India's central bank has asked state-run and private lenders to refrain from betting heavily against the rupee in an effort to support the currency which has been teetering near record-low levels for the past three trading sessions, four sources said.
The Reserve Bank of India (RBI) informally communicated the instructions to bankers via phone calls on Oct. 7 with the rupee at risk of breaching its record low of 83.9850 per U.S. dollar, the sources said.
The RBI has asked banks to avoid large bets against the rupee and the instructions are a form of "oral intervention" by the central bank, a senior banker at a private bank said.
The news has not been previously reported.
The sources declined to be identified as they are not authorised to speak to the media.

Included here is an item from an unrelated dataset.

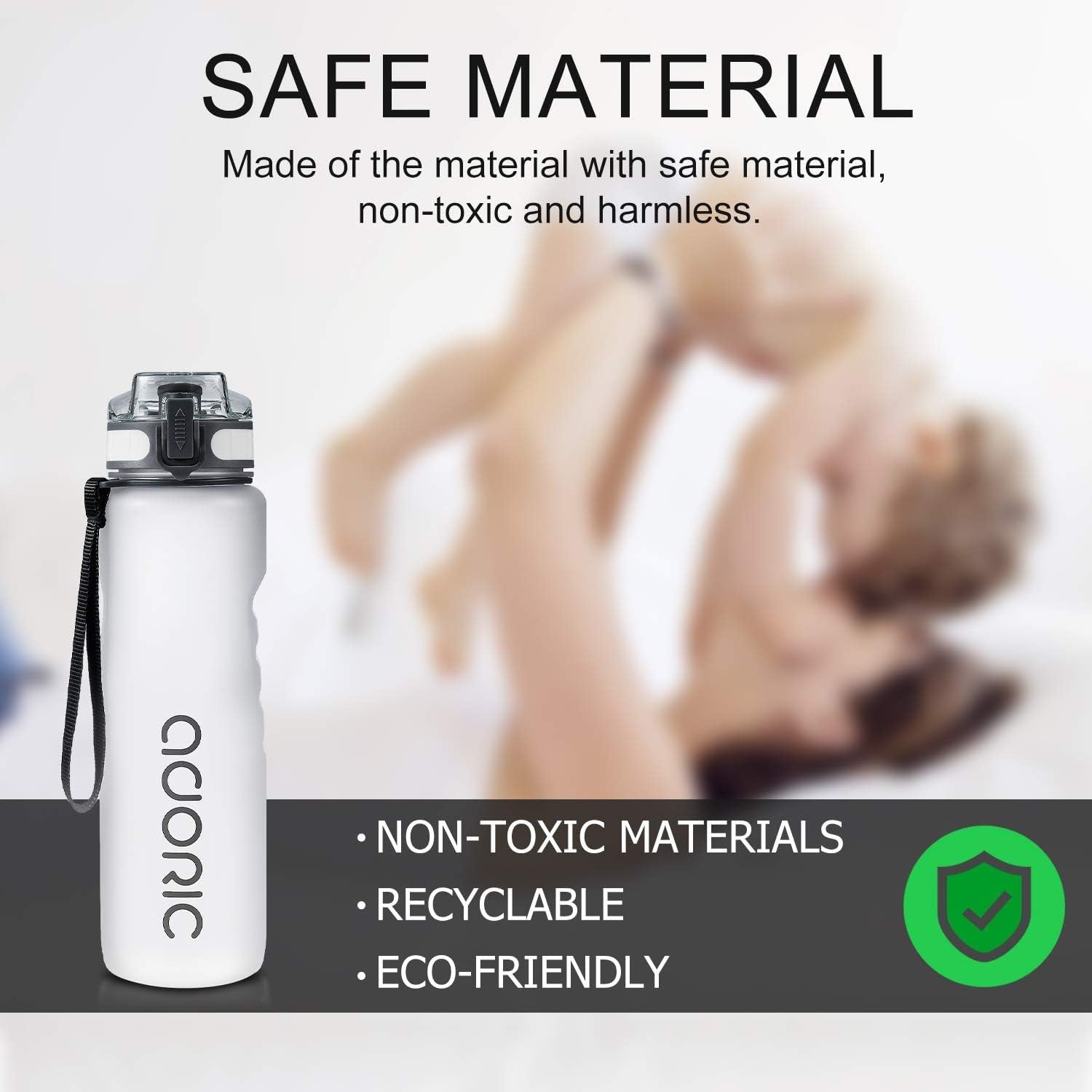 Sports Water Bottle 1L, BPA Free Tritan Leak Proof Gym Bottle, Ice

The RBI did not immediately respond to a mail requesting comment. Reuters could not ascertain the full list of banks the RBI called.
The central bank steps in occasionally to support the rupee via moral suasion and had last done something similar in early August.
The rupee has been under pressure because of a surge in portfolio outflows, higher oil prices and strength in the dollar after U.S. economic data diminished hopes of large rate cuts by the Federal Reserve.
Overseas investors have pulled out about $4 billion from Indian stocks over the last four sessions while Brent oil prices have climbed to their highest since August, fuelled by concerns of a wider conflict in the Middle East.
But the "central bank has made its intentions clear about defending 84 and is unlikely to allow a breach of it soon", a senior banker at a state-run bank said, referring to the central bank's instructions on Oct. 7.
The RBI has also intervened in the non-deliverable forwards and local spot market, traders said.
The central bank's defence has meant the rupee has fallen 0.3% over last week while its Asian peers have declined between 0.6 to 2.7 percent in the same time period.
"We expect RBI to remain an important player and cap any sharp moves in INR both ways," MUFG Bank said in a note on Oct. 7.